18.2.2 Bijbehorende bouwwerken
Voor het bouwen van bijbehorende bouwwerken, met uitzondering van overkappingen, gelden de volgende regels:
-
a. bijbehorende bouwwerken zijn binnen het bouwvlak en het erfgebied toegestaan, met dien verstande dat bij vrijstaande woningen geen bijbehorende bouwwerken in één van beide stroken van 3 meter gemeten vanaf de zijdelingse perceelsgrens zijn toegestaan;
-
b. de totale oppervlakte van bijbehorende bouwwerken bedraagt per hoofdgebouw:
Oppervlakte bouwpercelen
|
Maximale gezamenlijke oppervlakte bijbehorende bouwwerken
|
tot en met 500 m²
|
50 m², mits het bouwperceel voor zover gelegen buiten het bouwvlak voor niet meer dan 50% is dan wel wordt bebouwd.
|
meer dan 500 m²
|
80 m², mits het bouwperceel voor zover gelegen buiten het bouwvlak voor niet meer dan 50% is dan wel wordt bebouwd.
|
-
c. de maximum goothoogte bedraagt 3 meter;
-
d. de maximum bouwhoogte bedraagt 5,5 meter;
-
e. de maximum diepte van erkers bedraagt 1,5 meter;
-
f. indien bijbehorende bouwwerken niet in de zijdelingse perceelsgrens worden gebouwd, dient de afstand tot de zijdelingse perceelsgrens minimaal 1 meter te bedragen;
-
g. aan de zijde(n) waar een bijbehorend bouwwerk niet aan een ander gebouw wordt aangebouwd, dient de afstand tussen de gebouwen minimaal 1 meter te bedragen;
-
h. in afwijking van het bepaalde onder a zijn bijbehorende bouwwerken die reeds aanwezig zijn op het moment van terinzagelegging van het plan, of bijbehorende bouwwerken die krachtens een op dat moment reeds verleende omgevingsvergunning voor het bouwen mogen worden gebouwd, eveneens toegestaan.
18.2.3 Overkappingen
Voor het bouwen van overkappingen gelden de volgende regels:
-
a. overkappingen zijn binnen het gehele bouwperceel toegestaan;
-
b. de maximum bouwhoogte bedraagt 3 meter;
-
c. de bebouwde oppervlakte mag niet meer dan 20 m² bedragen, mits het bouwperceel gelegen buiten het bouwvlak voor niet meer dan 50% is dan wel wordt bebouwd.
18.2.4 Bouwwerken, geen gebouwen zijnde
Voor het bouwen van bouwwerken, geen gebouwen zijnde, gelden de volgende regels:
-
a. bouwwerken, geen gebouwen zijnde, mogen worden gebouwd binnen het bouwperceel;
-
b. de maximale bouwhoogte van terreinafscheidingen bedraagt maximaal 2 meter voor zover gelegen achter de voorgevelrooilijn;
-
c. de maximale bouwhoogte van terreinafscheidingen bedraagt maximaal 1 meter voor zover gelegen vóór de voorgevelrooilijn,
-
d. de maximale bouwhoogte van vlaggenmasten bedraagt 8 meter.

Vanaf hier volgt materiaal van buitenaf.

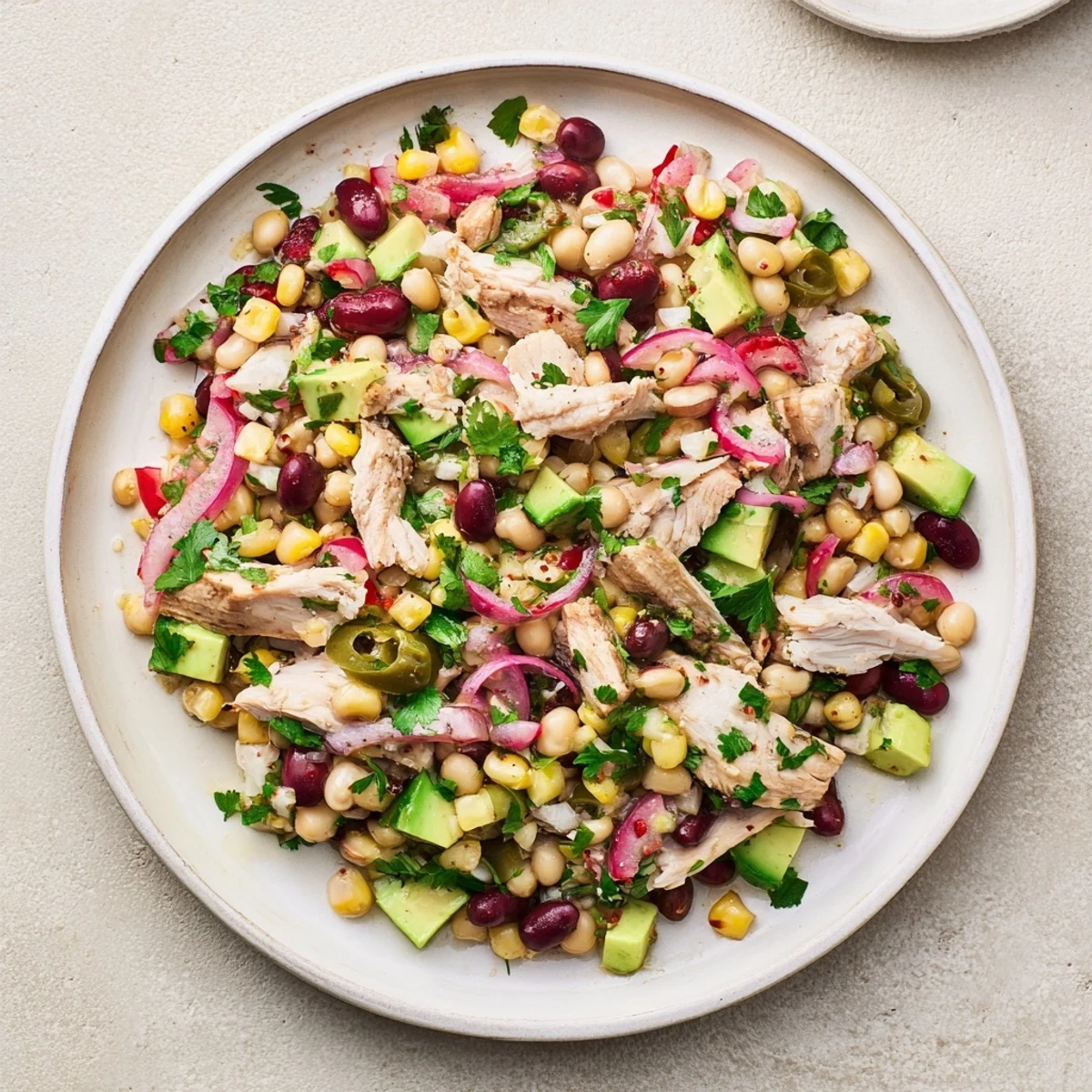 Close-up of a colorful Dense Southwestern Bean Salad, showcasing fresh ingredients and zesty dressing.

Per perceel is maximaal 1 vlaggenmast toegestaan;
-
e. de maximale bouwhoogte van overige bouwwerken, geen gebouwen zijnde, bedraagt 3 meter;
-
f. het maximale bebouwingspercentage bedraagt 50% berekend over het bouwperceel voorzover gelegen buiten het bouwvlak;
-
g. de maximale bouwhoogte van beschoeiing, daaronder begrepen golfbrekers, bedraagt 1 meter, gemeten vanaf de waterlijn.
18.4 Afwijken van de bouwregels
18.4.1 Bijbehorende bouwwerken
Het bevoegd gezag kan door middel van een omgevingsvergunning afwijken van het bepaalde in 18.2.2onder b, ten behoeve van een groter maximaal gezamenlijk oppervlak aan bijbehorende bouwwerken, tot 80 m², voor bouwpercelen met een oppervlakte tot en met 500 m², met dien verstande dat:
-
a. de gebruiksmogelijkheden en het woon- en leefklimaat van aangrenzende gronden en bouwwerken niet onevenredig worden aangetast;
-
b. de stedenbouwkundige kwaliteit en beeldkwaliteit van de naaste omgeving gewaarborgd moeten zijn;
-
c. de verkeersveiligheid en de parkeergelegenheid gewaarborgd moeten zijn;
-
d. de sociale veiligheid gewaarborgd moet zijn;
-
e. de brandveiligheid en rampenstrijding gewaarborgd moeten zijn.
18.4.2 Erf- en terreinafscheidingen
Het bevoegd gezag kan door middel van een omgevingsvergunning afwijken van het bepaalde in sublid 18.2.4 onder c ten behoeve van de bouw van erf- en terreinafscheidingen tot maximaal 2 meter hoog vóór de voorgevellijn, met inbegrip van hekken en poorten op bruggen die dienen als erf- en/of terreinafscheiding.
18.4.3 Dakopbouwen
Het bevoegd gezag kan door middel van een omgevingsvergunning afwijken van het bepaalde in 18.2.1onder k, teneinde realisering van een dakopbouw toe te staan, met dien verstande dat:
-
a. de toegelaten goot- en bouwhoogten met ten hoogste 2 meter mag worden vergroot;
-
b. de stedenbouwkundige kwaliteit en beeldkwaliteit van de naaste omgeving gewaarborgd moeten zijn.